SUDORE E FATICA
si mischiano dando vita all’odore acre tipico delle palestre di tutto il mondo. Si entra da una porticina che obbliga i più ad abbassare la testa, per rialzarla in un altro mondo tra esercizi di yoga millenari e ritratti di improbabili body builder.
si pratica da sempre o quasi il kushti, una forma di lotta tradizionale nata dalla “crasi” tra malla-yuddha originario dell’India e il persiano varzesh-bastani. Una sorta di wrestling che si combatte, quasi nudi, in un fango abbastanza morbido da attutire le cadute, ma non così vischioso da ostacolare i movimenti. Richiama usanze e una disciplina antica storicamente sostenuta dai maharaja e finanziata dalle istituzioni locali. Come per molti altri sport antichi (alcune fonti fanno risalire il malla-yuddha a oltre 5mila anni fa), quella di praticarlo è una scelta di vita comportando una dedizione assoluta. Nei secoli scorsi, individuato un guru, la famiglia gli affidava il figlio prescelto che veniva allenato secondo una ferrea prassi del tutto incompatibile con lo svolgimento di una vita “moderna”, e quasi inumana in termini di sforzo. D’altronde svegliarsi alle 3 di notte, fare 4mila tra squat e flessioni, correre 10 km, nuotare e fare sollevamento pesi, e ancora allenarsi e allenarsi combattendo match dopo match fino alle 8 di sera sembra davvero un po’ troppo.

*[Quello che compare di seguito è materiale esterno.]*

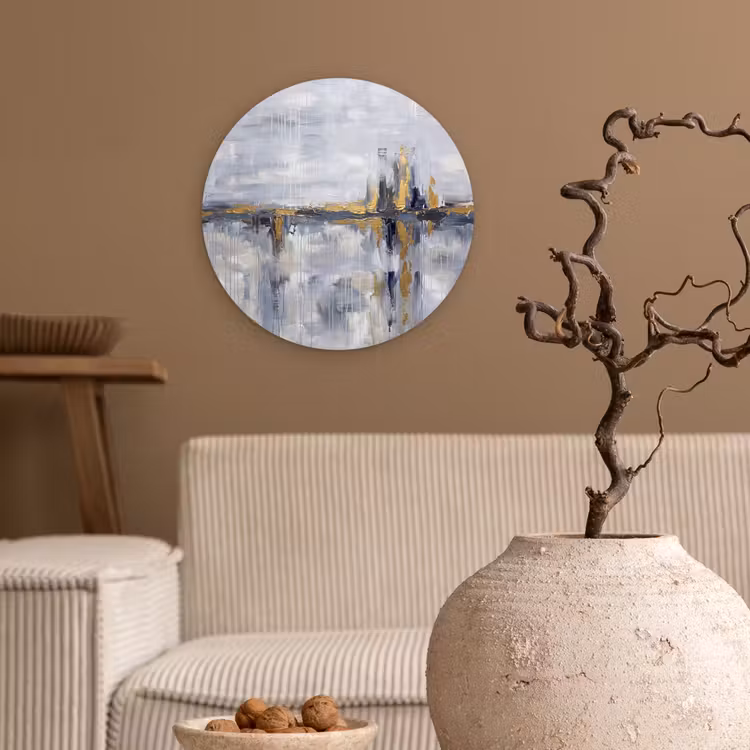 Abstract - Structuur - Goud - Grijs - Modern Wandcirkel kunststof plaat 5mm dik klein -sfeer1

Oggi alcune cose sono però cambiate, da qualche anno i combattimenti nel fango sono un elemento sempre più folkloristico (occorrono quasi due giorni per la preparazione del campo di gara...), e molte palestre sono state invitate a sostituire il fango con materassi. Il fascino del combattimento tradizionale e di tutta la sua ritualità va scomparendo a beneficio di un approccio più mediatico e remunerativo, dove il lato spirituale del kushti è sostituito da messe in scena spettacolari e roboanti.